Pada kisah yang lain, seorang ibu sering marah kepada anaknya, karena sang anak bekerja bukan pada bidang yang ia pelajari saat kuliah. Saat kuliah ia belajar akuntansi, kemudian ketika lulus, ia malah mengajar bahasa Inggris. Sang ibu mempunyai idealisme yang mendorong dirinya untuk mengatakan, bahwa sia-sia saja anaknya kuliah di jurusan akuntansi, toh sekarang bukan kerja di Bank atau bekerja sebagai accounting, eh malah mengajar bahasa inggris. Setiap dimarahi oleh ibunya, ia hanya bisa terdiam. Karena tak dipungkiri, ia pun jadinya merasa salah jurusan.

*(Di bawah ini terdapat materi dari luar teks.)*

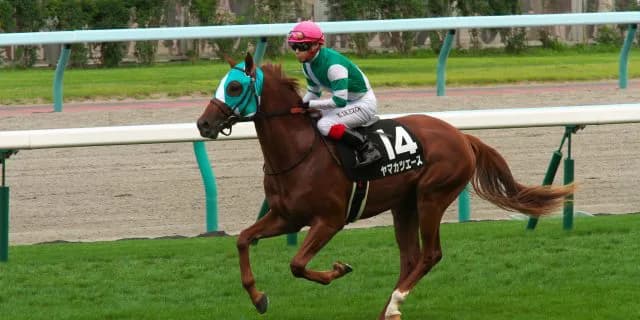 【京都記念有力馬情報】ヤマカツエースの不安要素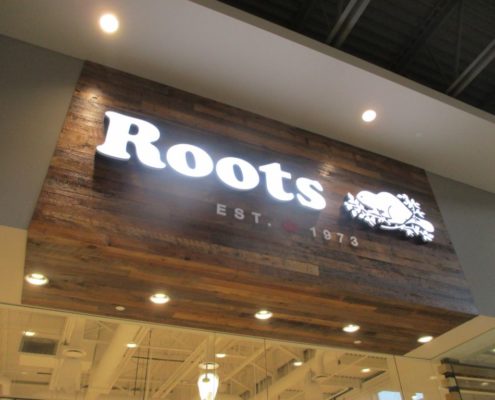 Roots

Dua kisah diatas adalah kisah nyata, kisah yang ada disekitar penulis. Penulis sendiri termasuk orang yang dikebiri oleh idealisme keluarga dekat, yang mengatakan bahwa menjadi pegawai negeri adalah semacam garis keturunan, dan wirausaha bukan menjadi pilihan yang baik. Yaa.. begitulah, walau sekarang penulis tetap pada pilihan untuk berwirausaha.
Dalam kehidupan, idealisme bisa menjadi kereta kuda yang membuat kita bergerak cepat sampai ke tujuan, tapi di sisi lain, jika idealisme itu kita anggap tuhan, dan selalu membenarkan walaupun sudah terasa tak cocok lagi untuk menjalani hidup, maka yang timbul adalah kekecewaan dan kesedihan yang berat.

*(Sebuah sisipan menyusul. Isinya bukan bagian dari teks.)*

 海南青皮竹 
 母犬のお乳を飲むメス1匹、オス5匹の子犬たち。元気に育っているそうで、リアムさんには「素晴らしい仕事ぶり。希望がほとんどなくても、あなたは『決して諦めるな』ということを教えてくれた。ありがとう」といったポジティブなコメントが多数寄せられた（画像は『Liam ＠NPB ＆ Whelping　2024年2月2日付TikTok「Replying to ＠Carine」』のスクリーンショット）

Kita bisa menerka-nerka, andai saja Yorris Sebastian memilih untuk tetap melanjutkan kuliahnya, mungkin ia takkan menjadi sesukses sekarang, atau Bill Gates, atau bahkan Thomas Alfa Edison yang tak lagi menuntut ilmu di sekolah formal sejak tingkat dasar. Semua itu karena merekalah yang mengendalikan idealisme, bukan idealisme yang menendalikan mereka.
Idealisme bukanlah tuhan, yang selalu kita patuhi perintahnya dan kita jauhi larangannya. Idealisme hanya sekedar peta untuk penunjuk jalan, dimana untuk mencapai sebuah tujuan, kita bisa menggunakan ribuan bahkan jutaan jalan.